*** Opening of Information provided ***
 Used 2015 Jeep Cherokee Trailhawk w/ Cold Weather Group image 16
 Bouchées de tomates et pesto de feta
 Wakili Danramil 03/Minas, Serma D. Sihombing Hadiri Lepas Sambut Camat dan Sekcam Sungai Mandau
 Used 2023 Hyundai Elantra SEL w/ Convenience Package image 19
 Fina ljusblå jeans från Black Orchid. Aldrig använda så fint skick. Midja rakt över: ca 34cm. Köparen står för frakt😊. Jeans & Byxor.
*** Close of Information provided ***
*** Opening of Information provided ***
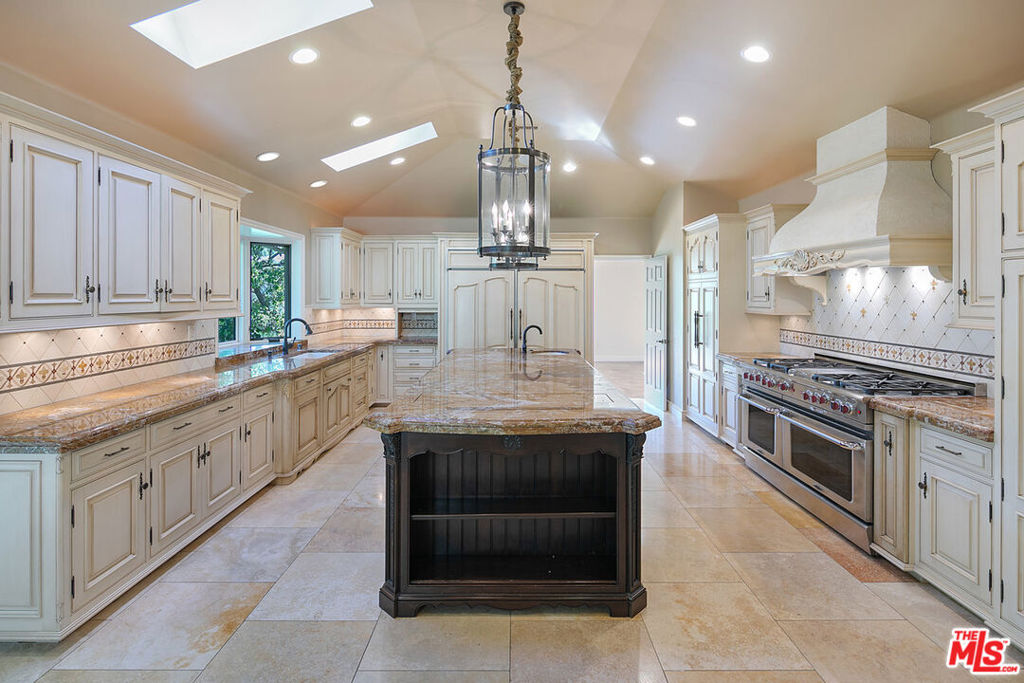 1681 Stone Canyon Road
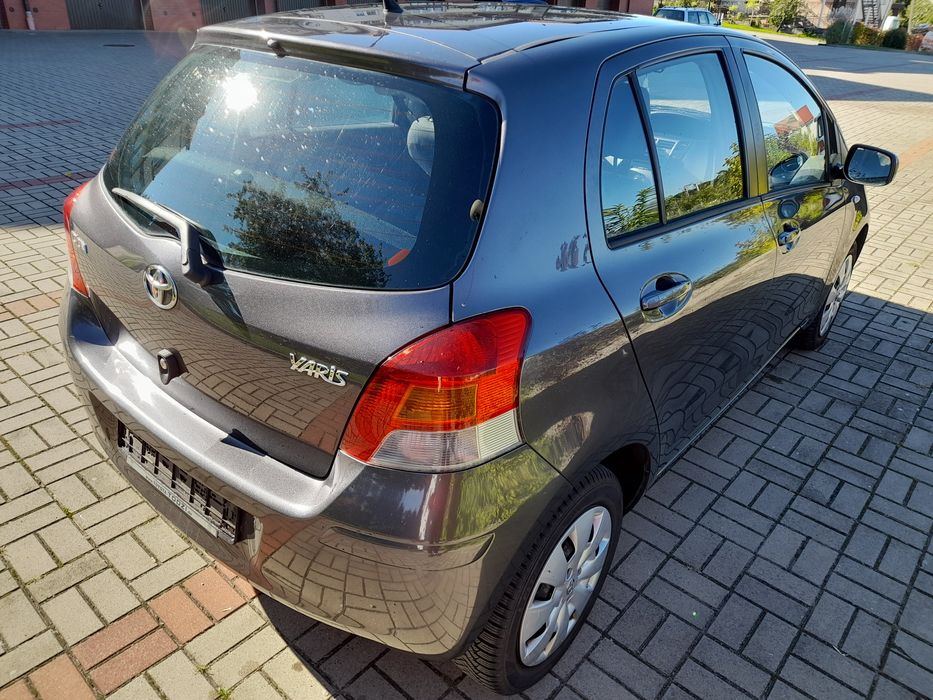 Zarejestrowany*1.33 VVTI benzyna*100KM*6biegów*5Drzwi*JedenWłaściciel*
*** Close of Information provided ***
From the listing above, output exactly the run of lines that starts with the line containing "Used 2015 Jeep" and ends with the line containing "Used 2023 Hyundai".

### Written response
 Used 2015 Jeep Cherokee Trailhawk w/ Cold Weather Group image 16
 Bouchées de tomates et pesto de feta
 Wakili Danramil 03/Minas, Serma D. Sihombing Hadiri Lepas Sambut Camat dan Sekcam Sungai Mandau
 Used 2023 Hyundai Elantra SEL w/ Convenience Package image 19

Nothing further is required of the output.